Swan wasn’t the least bit tired. She felt as if she could work through the night, the way she had on those evenings years ago in the library with the prince. The thought brought a pang to her heart.
She decided to visit the prince’s library that night, hoping to remember where to find passages from laws that might be useful while drafting the new edict. Wu had long ago removed the locks on all of the library doors. Swan opened the door and was startled to find a man rifling through the shelves. He was dressed in black. Swan felt certain the man was a thief.
She was just about to scream when he whirled around and she saw his face.
It was the prince. He had aged in his time away, but she would recognize him anywhere.
“Well,” he
said, smiling. “This is all rather familiar, isn’t it?”
Swan shut the door behind her. “What are you doing here?” she whispered. “Does the emperor know . . . ?”
“She doesn’t,” he answered. “Let’s keep it that way. I’m not sure she wouldn’t kill me, but I’ve been away so long. I’ve run out of things to read.”
Swan doubted he was being entirely honest with her, but she didn’t question him. He moved with purpose and confidence he had lacked as a youth. She saw he wore a tiny pin against his dark clothes. It was a design she’d never seen before — swooping ovals around what appeared to be an ancient Greek symbol.
They spoke as he took scrolls down and placed them in a sack. He told her of life away from the capital and how slowly the news reached him now. He wasn’t sorry to be away from the intrigue of the palace, but Swan shared the details of her latest task with him anyway, outlining the noble plan Wu had for China.
“It’s a surprisingly good idea, coming from that witch,” the prince said quietly.
“She’s not a witch,” Swan said. “At least, I don’t think so.” She had never seen the emperor practice witchcraft. It was probably one of the rumors Wu started herself, hoping to make people afraid.
“Don’t tell me she’s gotten to you, too,” the prince said, and Swan didn’t know how to answer at first. It was true in a sense that Wu had gotten to her. And yet, Swan still feared her, still loathed her some days.
“I’m still her slave,” Swan told the prince, and the young man seemed to understand: Swan was doing what she must in order to survive with some amount of happiness.

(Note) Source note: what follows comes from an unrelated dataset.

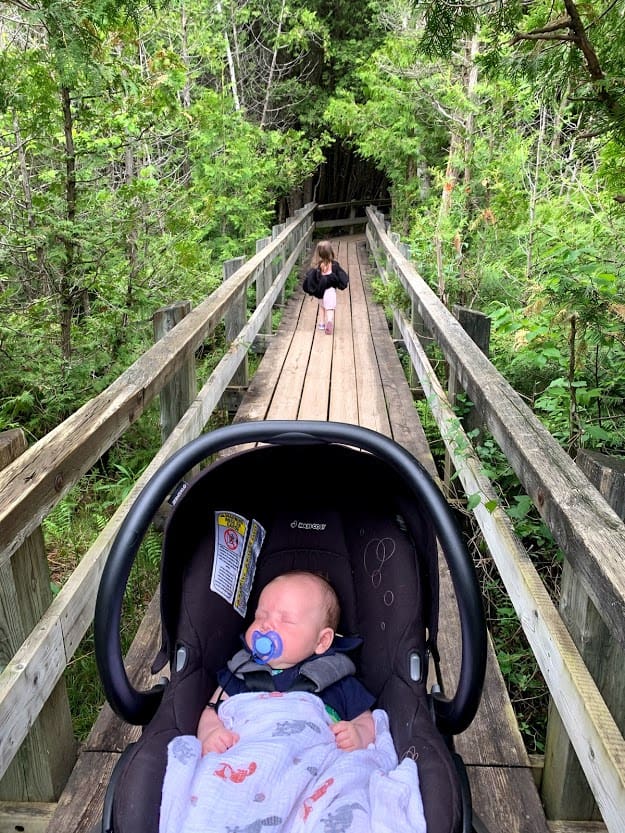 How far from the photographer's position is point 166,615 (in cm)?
196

“If only you could write an edict that would set you free,” the prince said.
That gave Swan an idea.
All night she wrote Emperor Wu’s law. On three long scrolls she outlined Wu’s vision for China, including an imperial examination, a test that would give the poorest man a strong ladder to climb if he could pass it. Her brushstrokes were pristine. Her characters strong. She made sure the instructions themselves were beautiful enough for Wu to take pride in.